I was noncommittal. “Beats looking at the Arlington Hospital and Car Wash.”

“You a faggot?” she asked. I shook my head. “Married? Nope, no ring.”

“Not everyone wears a ring, but no, not married.”

“So you want something from me other than cooze.”

“Is that so unusual?”

“Actually, yes.” She smiled, a genuine smile, not a provocation. “You know my nickname?”

“I’ve heard. And I’ll bet your middle name’s not Schmitt.”

“How you figure that?”

“Too convenient,” I said. “Like you took lemons and turned them into lemonade.”

“Honey, these ain’t lemons,” she said.

“Yeah, but there’s no such thing as melonade.”

She broke out laughing, then started coughing. She tossed her cigarette on the ground and stomped on it.

“Want coffee?” I asked. “Breakfast?”

“Yeah. But not with you.”


  1. I do like this, and I think it works well. It's amusing at times, and portrays the characters well.

    The only place where I tripped up was the second to last line. Despite the 'I asked', I was reading so fast that at first I thought Holly said it. You might want to consider putting the 'I asked' first, instead of in the middle. Or maybe make the dialogue more unique to your main character.

  2. I don't get a sense of what's happening here. It seems more like the MC is consoling her than confronting her, since she's the one asking all the questions. Reading this by itself doesn't give me a feel for the characters or for what may be happening here. Perhaps if I'd read what comes before this, it wouldn't be an issue,

    And the nurse's language or tone wasn't believable to me. It seems too uneducated, almost like something coming from a high school drop out. It does denote a certain type of character, it was just hard to believe the nurse 'was' that type of character.

  3. I like it. True, not the typical nurse, but that's one thing I like. Holly rings true to me.

    The only nitpick I have is the "I was noncommittal" tag. It interrupted the flow for me, and the dialog showed he was noncommittal.

  4. I enjoyed this a lot, and I did get a sense of both characters from it.

    I agree with IMHO's comment regarding the "I was noncommittal" tag. The dialogue shows this nicely, so no need to qualify it beforehand.

    You might consider adding just a bit of internalization from MC to put the reader in his head a bit more, but overall, I think the dialogue works well.

  5. I thought the staccato dialogue was appropriate to a certain type of genre - sort of a hard-boiled mystery, crime fiction etc. So, it worked for me. I would suggest there are places you could tighten it even in She smiled, a genuine smile ... Instead of repeating cariations of ;smile you could have just said - her smile was genuine, not a provocation. And further down, where she undoes the top two busttons of her "nurse's uniform. You could probably lose "nurse" and just say she undid the top two buttons of her uniform. Having said that, I wonder if this is in the past because nurses don't wear uniforms anymore - they usually wear smock type things that would not have buttons. Anyway, I thought she was very coarse but I assume that was the point. I thought is was well-done.

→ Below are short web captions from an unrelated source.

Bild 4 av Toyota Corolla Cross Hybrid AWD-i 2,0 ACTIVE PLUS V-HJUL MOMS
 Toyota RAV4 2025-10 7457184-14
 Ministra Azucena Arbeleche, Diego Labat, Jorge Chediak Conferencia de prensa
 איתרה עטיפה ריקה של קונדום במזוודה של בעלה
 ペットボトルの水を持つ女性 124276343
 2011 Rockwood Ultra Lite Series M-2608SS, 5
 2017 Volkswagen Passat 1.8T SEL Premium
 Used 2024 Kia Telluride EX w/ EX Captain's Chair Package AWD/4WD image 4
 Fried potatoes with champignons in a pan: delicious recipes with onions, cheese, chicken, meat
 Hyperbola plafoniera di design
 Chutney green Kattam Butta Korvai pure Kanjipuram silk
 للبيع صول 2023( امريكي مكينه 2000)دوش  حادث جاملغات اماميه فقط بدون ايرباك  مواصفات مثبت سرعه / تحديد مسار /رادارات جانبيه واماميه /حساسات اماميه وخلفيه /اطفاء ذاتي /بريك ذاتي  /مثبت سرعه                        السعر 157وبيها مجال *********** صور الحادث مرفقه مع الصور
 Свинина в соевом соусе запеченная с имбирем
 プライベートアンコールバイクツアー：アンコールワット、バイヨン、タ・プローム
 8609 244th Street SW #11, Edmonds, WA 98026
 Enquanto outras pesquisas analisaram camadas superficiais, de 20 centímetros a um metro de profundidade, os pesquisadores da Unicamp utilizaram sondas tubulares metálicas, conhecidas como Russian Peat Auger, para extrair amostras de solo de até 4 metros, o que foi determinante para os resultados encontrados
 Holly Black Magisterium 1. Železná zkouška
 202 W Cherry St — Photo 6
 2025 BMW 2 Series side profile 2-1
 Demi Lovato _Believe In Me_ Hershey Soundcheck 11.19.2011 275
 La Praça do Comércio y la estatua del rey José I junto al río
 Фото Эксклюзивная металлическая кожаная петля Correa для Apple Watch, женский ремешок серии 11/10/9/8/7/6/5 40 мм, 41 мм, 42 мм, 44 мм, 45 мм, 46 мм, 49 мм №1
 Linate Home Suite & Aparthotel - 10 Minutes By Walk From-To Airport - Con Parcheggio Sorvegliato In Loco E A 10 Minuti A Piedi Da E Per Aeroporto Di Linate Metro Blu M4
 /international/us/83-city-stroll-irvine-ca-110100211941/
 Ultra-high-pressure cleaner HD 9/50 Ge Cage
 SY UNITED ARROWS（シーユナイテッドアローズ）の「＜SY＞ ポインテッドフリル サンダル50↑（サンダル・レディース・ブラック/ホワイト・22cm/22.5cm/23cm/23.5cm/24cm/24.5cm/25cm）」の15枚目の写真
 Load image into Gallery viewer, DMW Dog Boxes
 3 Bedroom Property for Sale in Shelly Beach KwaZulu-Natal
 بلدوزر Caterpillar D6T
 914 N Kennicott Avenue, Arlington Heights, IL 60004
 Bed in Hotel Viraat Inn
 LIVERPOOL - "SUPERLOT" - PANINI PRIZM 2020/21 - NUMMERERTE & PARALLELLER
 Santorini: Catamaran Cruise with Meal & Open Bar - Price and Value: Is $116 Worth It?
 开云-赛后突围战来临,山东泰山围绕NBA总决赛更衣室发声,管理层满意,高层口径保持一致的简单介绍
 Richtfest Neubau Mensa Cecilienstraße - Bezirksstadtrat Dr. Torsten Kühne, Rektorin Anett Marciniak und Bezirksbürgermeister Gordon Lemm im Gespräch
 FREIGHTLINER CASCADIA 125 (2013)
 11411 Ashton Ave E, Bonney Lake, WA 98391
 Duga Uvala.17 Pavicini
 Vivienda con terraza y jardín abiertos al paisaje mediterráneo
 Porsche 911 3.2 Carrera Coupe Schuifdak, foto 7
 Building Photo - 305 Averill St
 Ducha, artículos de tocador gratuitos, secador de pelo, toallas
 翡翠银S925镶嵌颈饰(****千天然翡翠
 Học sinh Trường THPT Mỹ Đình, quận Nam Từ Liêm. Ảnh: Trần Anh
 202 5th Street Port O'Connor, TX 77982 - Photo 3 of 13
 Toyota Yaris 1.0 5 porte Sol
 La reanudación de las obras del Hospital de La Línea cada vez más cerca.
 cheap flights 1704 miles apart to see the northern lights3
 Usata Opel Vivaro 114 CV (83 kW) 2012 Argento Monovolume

  6. I thought the flow and tempo were there so that worked well. I liked that you were very restrained in using tags or internal thoughts because it works better like that. It's difficult without knowing the set-up to judge the chracter's interaction, but I did find the nurse to be a bit over the top in her crude choice of words and language. She is trying to be alluring or intimidating but she just comes off as a bit harshly slutty. "You a faggot?" is a bit offensive which is fine if we are supposed to be offended by the character. But the fact that he doesn't even blink at this slur, makes me think less of him and therefore would be less likely to go along for the ride.